[Records from a data source]
::::

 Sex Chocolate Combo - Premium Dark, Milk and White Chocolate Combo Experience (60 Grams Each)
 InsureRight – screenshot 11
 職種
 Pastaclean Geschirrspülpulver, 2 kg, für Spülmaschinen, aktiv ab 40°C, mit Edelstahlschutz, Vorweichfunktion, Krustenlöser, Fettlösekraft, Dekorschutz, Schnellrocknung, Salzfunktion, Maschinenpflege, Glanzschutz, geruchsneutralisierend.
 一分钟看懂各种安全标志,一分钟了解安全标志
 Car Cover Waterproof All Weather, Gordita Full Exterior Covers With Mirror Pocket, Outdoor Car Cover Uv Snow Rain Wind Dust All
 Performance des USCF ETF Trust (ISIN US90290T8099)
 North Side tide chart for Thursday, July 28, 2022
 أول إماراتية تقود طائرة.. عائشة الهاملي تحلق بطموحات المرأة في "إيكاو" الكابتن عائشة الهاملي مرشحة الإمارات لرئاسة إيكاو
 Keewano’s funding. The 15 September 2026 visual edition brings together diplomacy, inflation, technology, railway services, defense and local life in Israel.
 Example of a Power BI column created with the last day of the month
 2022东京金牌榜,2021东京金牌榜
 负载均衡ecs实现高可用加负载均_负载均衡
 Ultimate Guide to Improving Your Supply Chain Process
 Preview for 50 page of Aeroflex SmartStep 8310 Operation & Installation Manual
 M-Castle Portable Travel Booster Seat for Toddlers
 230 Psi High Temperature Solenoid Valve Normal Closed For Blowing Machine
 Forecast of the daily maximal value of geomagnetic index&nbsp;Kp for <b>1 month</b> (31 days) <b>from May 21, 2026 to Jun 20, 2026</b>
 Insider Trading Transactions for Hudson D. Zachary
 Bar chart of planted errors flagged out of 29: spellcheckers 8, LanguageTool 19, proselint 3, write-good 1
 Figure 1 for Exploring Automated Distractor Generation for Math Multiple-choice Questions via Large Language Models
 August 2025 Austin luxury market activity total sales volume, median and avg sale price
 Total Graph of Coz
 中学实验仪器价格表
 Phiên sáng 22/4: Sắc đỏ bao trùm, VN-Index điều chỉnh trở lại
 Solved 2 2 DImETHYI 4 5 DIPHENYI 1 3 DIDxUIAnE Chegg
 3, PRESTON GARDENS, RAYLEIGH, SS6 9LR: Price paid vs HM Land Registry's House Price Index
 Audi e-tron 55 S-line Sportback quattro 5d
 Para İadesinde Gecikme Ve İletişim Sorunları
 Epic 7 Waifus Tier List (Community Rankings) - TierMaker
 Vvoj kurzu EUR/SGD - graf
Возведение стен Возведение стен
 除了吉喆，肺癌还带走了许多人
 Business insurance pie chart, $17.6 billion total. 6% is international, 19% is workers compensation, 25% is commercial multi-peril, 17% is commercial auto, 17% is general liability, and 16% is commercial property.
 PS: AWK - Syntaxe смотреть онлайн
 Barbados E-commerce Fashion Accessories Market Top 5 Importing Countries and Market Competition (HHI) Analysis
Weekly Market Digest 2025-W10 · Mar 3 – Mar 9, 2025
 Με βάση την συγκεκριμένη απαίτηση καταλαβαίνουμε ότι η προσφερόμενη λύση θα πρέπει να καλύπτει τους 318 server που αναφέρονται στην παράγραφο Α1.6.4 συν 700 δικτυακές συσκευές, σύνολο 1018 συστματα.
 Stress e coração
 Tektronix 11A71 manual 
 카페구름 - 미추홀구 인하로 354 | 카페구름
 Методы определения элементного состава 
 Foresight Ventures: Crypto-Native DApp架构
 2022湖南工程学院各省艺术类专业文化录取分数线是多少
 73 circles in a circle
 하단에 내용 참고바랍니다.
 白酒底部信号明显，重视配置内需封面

::::

■ Activity
Reproduce the entries exactly, but only from their first line to the line holding "除了吉喆，肺癌还带走了许多人", with that last line kept.

■ Answer to the exercise
 Sex Chocolate Combo - Premium Dark, Milk and White Chocolate Combo Experience (60 Grams Each)
 InsureRight – screenshot 11
 職種
 Pastaclean Geschirrspülpulver, 2 kg, für Spülmaschinen, aktiv ab 40°C, mit Edelstahlschutz, Vorweichfunktion, Krustenlöser, Fettlösekraft, Dekorschutz, Schnellrocknung, Salzfunktion, Maschinenpflege, Glanzschutz, geruchsneutralisierend.
 一分钟看懂各种安全标志,一分钟了解安全标志
 Car Cover Waterproof All Weather, Gordita Full Exterior Covers With Mirror Pocket, Outdoor Car Cover Uv Snow Rain Wind Dust All
 Performance des USCF ETF Trust (ISIN US90290T8099)
 North Side tide chart for Thursday, July 28, 2022
 أول إماراتية تقود طائرة.. عائشة الهاملي تحلق بطموحات المرأة في "إيكاو" الكابتن عائشة الهاملي مرشحة الإمارات لرئاسة إيكاو
 Keewano’s funding. The 15 September 2026 visual edition brings together diplomacy, inflation, technology, railway services, defense and local life in Israel.
 Example of a Power BI column created with the last day of the month
 2022东京金牌榜,2021东京金牌榜
 负载均衡ecs实现高可用加负载均_负载均衡
 Ultimate Guide to Improving Your Supply Chain Process
 Preview for 50 page of Aeroflex SmartStep 8310 Operation & Installation Manual
 M-Castle Portable Travel Booster Seat for Toddlers
 230 Psi High Temperature Solenoid Valve Normal Closed For Blowing Machine
 Forecast of the daily maximal value of geomagnetic index&nbsp;Kp for <b>1 month</b> (31 days) <b>from May 21, 2026 to Jun 20, 2026</b>
 Insider Trading Transactions for Hudson D. Zachary
 Bar chart of planted errors flagged out of 29: spellcheckers 8, LanguageTool 19, proselint 3, write-good 1
 Figure 1 for Exploring Automated Distractor Generation for Math Multiple-choice Questions via Large Language Models
 August 2025 Austin luxury market activity total sales volume, median and avg sale price
 Total Graph of Coz
 中学实验仪器价格表
 Phiên sáng 22/4: Sắc đỏ bao trùm, VN-Index điều chỉnh trở lại
 Solved 2 2 DImETHYI 4 5 DIPHENYI 1 3 DIDxUIAnE Chegg
 3, PRESTON GARDENS, RAYLEIGH, SS6 9LR: Price paid vs HM Land Registry's House Price Index
 Audi e-tron 55 S-line Sportback quattro 5d
 Para İadesinde Gecikme Ve İletişim Sorunları
 Epic 7 Waifus Tier List (Community Rankings) - TierMaker
 Vvoj kurzu EUR/SGD - graf
Возведение стен Возведение стен
 除了吉喆，肺癌还带走了许多人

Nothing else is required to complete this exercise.